Frontline’s (FRO) Financial Leverage Ratio Raises Concern

How to Find the Star among Crude Tanker Companies

(Continued from Prior Part)

Leverage ratio

Shipping companies are capital intensive, so looking at the financial leverage for these companies is of utmost importance for investors. Debt-to-asset ratio is an indicator of the financial leverage of the company. This ratio tells us the percentage of assets financed by debt and indicates the financial risk of the company. A higher ratio means higher financial leverage.

For riskier companies, investors generally demand a higher return on capital, both equity and debt. Debt acts like a lever, magnifying both gains and losses. Companies that have high debt in poor times have a higher chance of going bankrupt. But high leverage can also be positive if those companies do survive. Debt has a fixed cost and with an increase in revenue, the profits increase by a higher percentage. Also issuing debt instead of equity does not dilute shareholders. Cost of debt interest is a tax-deductible expense, which reduces a company’s tax burden.

Comparing companies on leverage

Frontline (FRO) has an enormous amount of debt of $892.82 million on its balance sheet. Its debt-to-asset ratio is 93.4%. This ratio is very high as compared to its peers. Having such high leverage is similar to other capital intensive companies like upstream companies (XOP). Teekay Tankers (TNK), Tsakos Energy Navigation (TNP), DHT Holdings (DHT), and Euronav have a debt-to-asset ratio of 55.64%, 51.84%, 47.28%, and 40.18%, respectively. Nordic American Tanker (NAT) has the lowest ratio in the industry of 24.2%.

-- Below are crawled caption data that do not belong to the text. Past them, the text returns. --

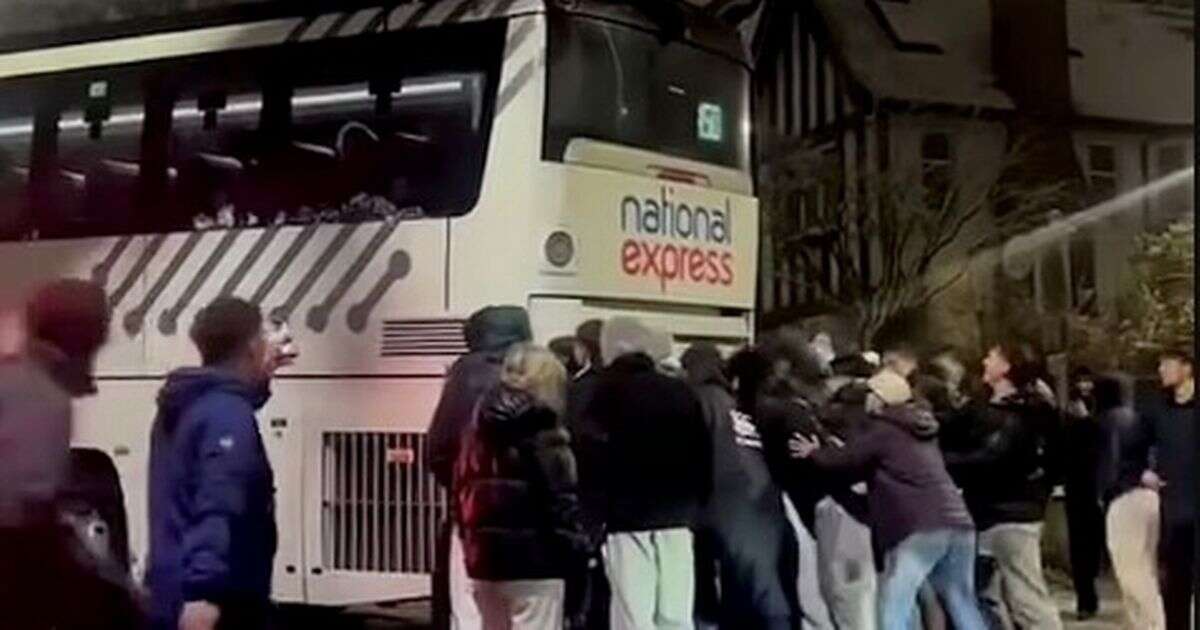 Terrifying moment National Express coach slips on icy road as locals try to stop it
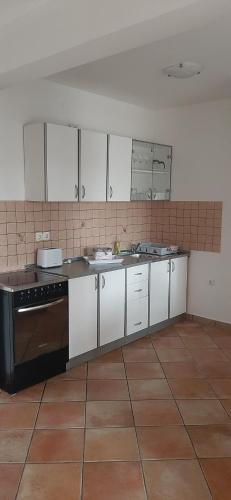 kuchnia z białymi szafkami i czarnym piecem w obiekcie Villa Dobra Family Apartments w mieście Vir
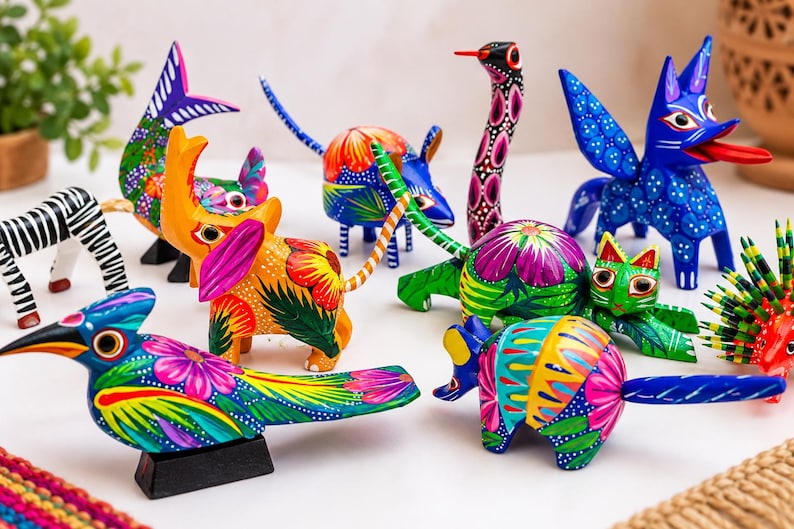 May include: A collection of small, hand-painted wooden animal figurines featuring vibrant, multi-colored patterns. The group includes a bird, elephant, zebra, cat, and other creatures, all decorated with intricate floral and geometric designs.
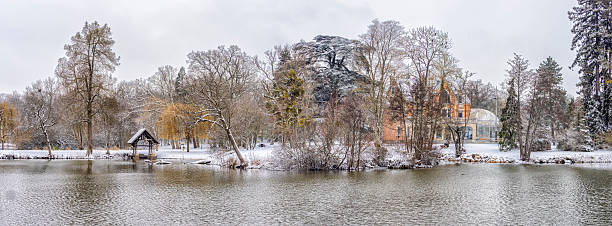 Saran, France. Winter snow covering trees and land around a reflective lake, showing a serene natural landscape
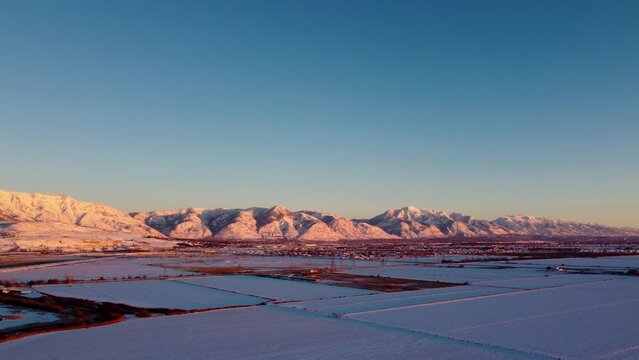 4k Aerial Drone Snow-Capped Mountains Overlooking Willard Bay, Utah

Frontline’s risk of high leverage

If Frontline (FRO) is not able to pay down this huge amount of debt on time, it could lose vessels if lenders foreclose on their liens. Also in such a condition, it will be difficult for the company to raise additional debt to increase its fleet size. 13.5 years, the average fleet for Frontline (FRO), is above the average world fleet age of 9.5 years. Going forward, the company needs to substitute these vessels for newer vessels in order to maintain the same fleet size.

Other companies have a decent debt-to-equity ratio, and financial leverage should not be a major concern for these companies.